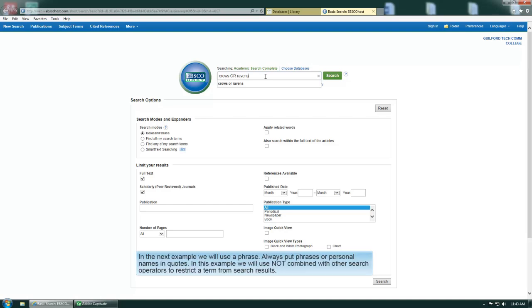In the next example, we will use a phrase. Always put phrases or personal names in quotes.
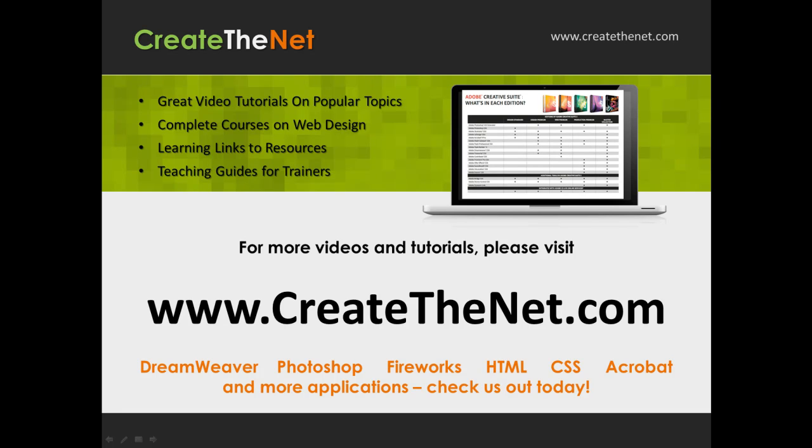For more great videos and learning tutorials, or to download the exercises that go with these videos, please visit our website at www.createthenet.com.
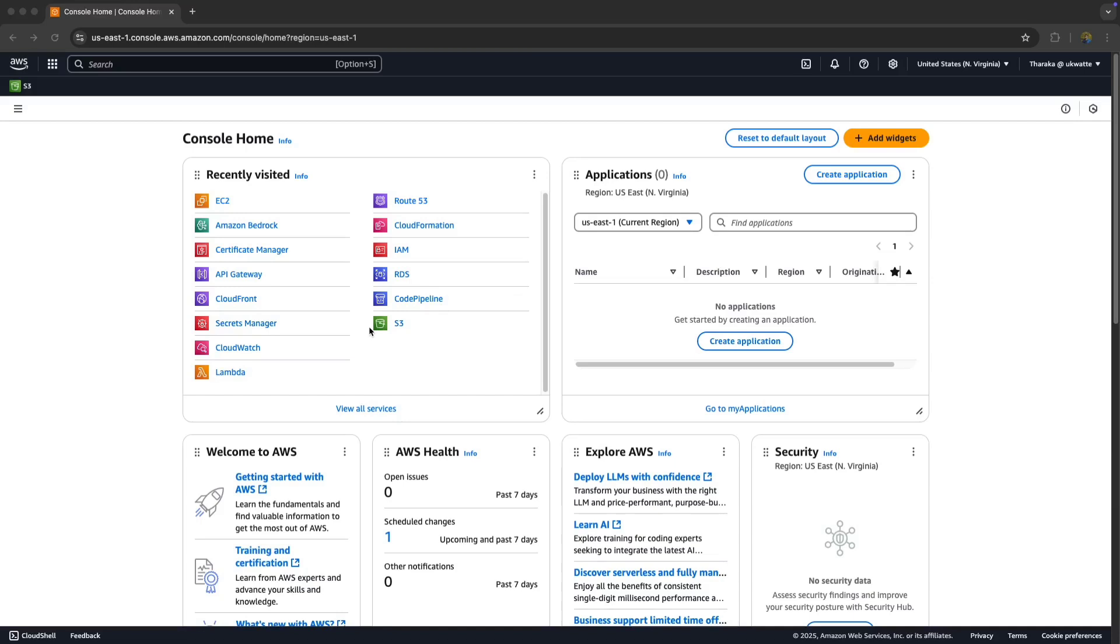Hey guys, welcome back to my channel. Today I'm going to show you how to run DeepSeek on Amazon Bedrock, which is Amazon's AWS powerful AI service for deploying foundation models. We'll set it up, test it, and see it in action.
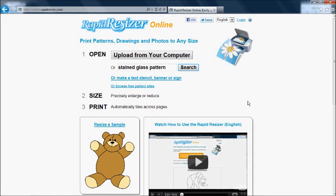Here's how to print patterns, drawings, and photos to any size using RapidResizer online.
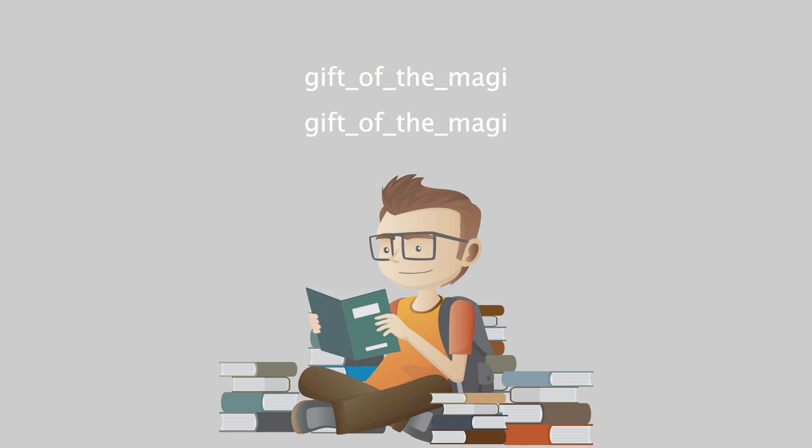This is a LibriVox recording. All LibriVox recordings are in the public domain. For more information and to find out how you can volunteer, please visit LibriVox.org.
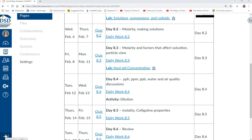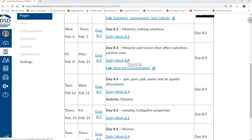Last time we got to learn about molarity and making solutions. This time we're going to learn more about molarity and factors that affect what we call solvation — not salvation, solvation — and look at the particle view. J.L.E. Work 8.3 is due today, so anytime there's some downtime, you'll want to be working on that.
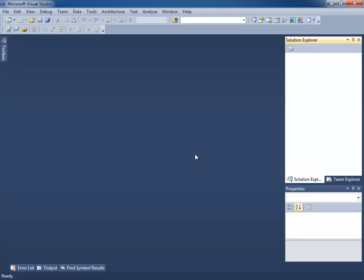Hello everyone, this is Brian Lagunas and I'd like to welcome you to the first video in a series of posts covering how to build a PRISM application. The application we're going to be building is called IG Outlook. The prefix IG is because we're going to be using controls from the Infragistics NetAdvantage WPF and Silverlight tool suite, and Outlook is because we're going to be building a PRISM application that mimics the Microsoft Outlook application.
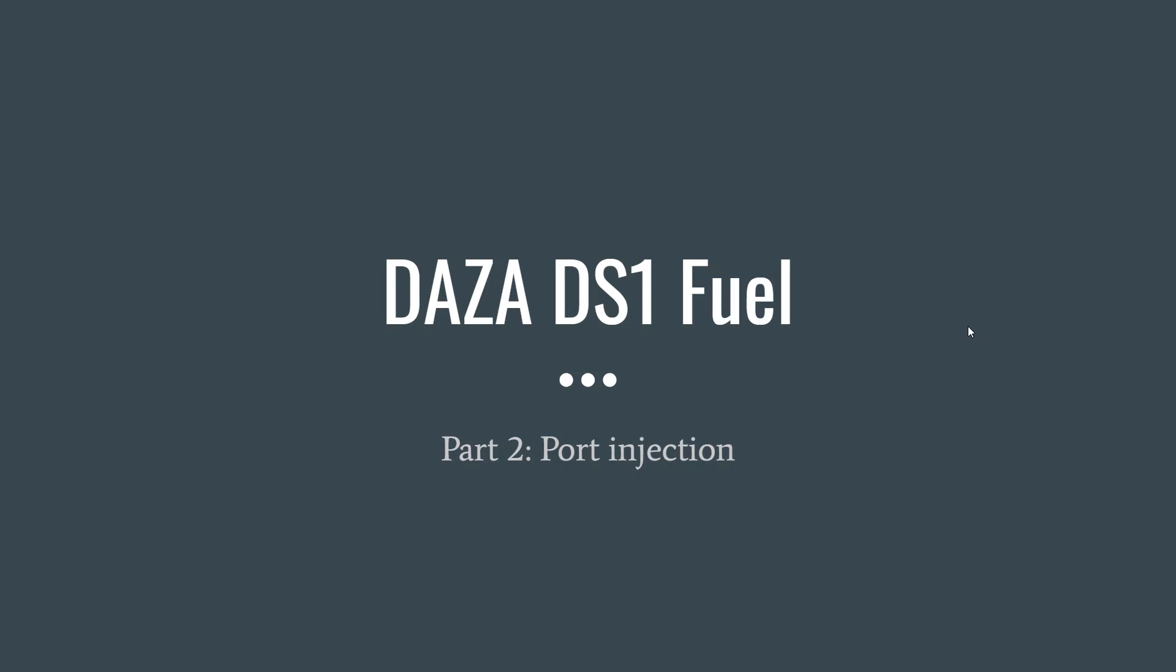Hi, it's John from DynaSpectrum. This video is about port injection. We did a previous one, part one, on direct injection. This is a moderately advanced topic. Anyone's welcome to watch, but there is some complexity.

> WHAT IS BEING ASKED
Exactly as they appear above, write out all the entries, without pictures.

> EXERCISE RESPONSE
In the next example, we will use a phrase. Always put phrases or personal names in quotes.
For more great videos and learning tutorials, or to download the exercises that go with these videos, please visit our website at www.createthenet.com.
Hey guys, welcome back to my channel. Today I'm going to show you how to run DeepSeek on Amazon Bedrock, which is Amazon's AWS powerful AI service for deploying foundation models. We'll set it up, test it, and see it in action.
Here's how to print patterns, drawings, and photos to any size using RapidResizer online.
This is a LibriVox recording. All LibriVox recordings are in the public domain. For more information and to find out how you can volunteer, please visit LibriVox.org.
Last time we got to learn about molarity and making solutions. This time we're going to learn more about molarity and factors that affect what we call solvation — not salvation, solvation — and look at the particle view. J.L.E. Work 8.3 is due today, so anytime there's some downtime, you'll want to be working on that.
Hello everyone, this is Brian Lagunas and I'd like to welcome you to the first video in a series of posts covering how to build a PRISM application. The application we're going to be building is called IG Outlook. The prefix IG is because we're going to be using controls from the Infragistics NetAdvantage WPF and Silverlight tool suite, and Outlook is because we're going to be building a PRISM application that mimics the Microsoft Outlook application.
Hi, it's John from DynaSpectrum. This video is about port injection. We did a previous one, part one, on direct injection. This is a moderately advanced topic. Anyone's welcome to watch, but there is some complexity.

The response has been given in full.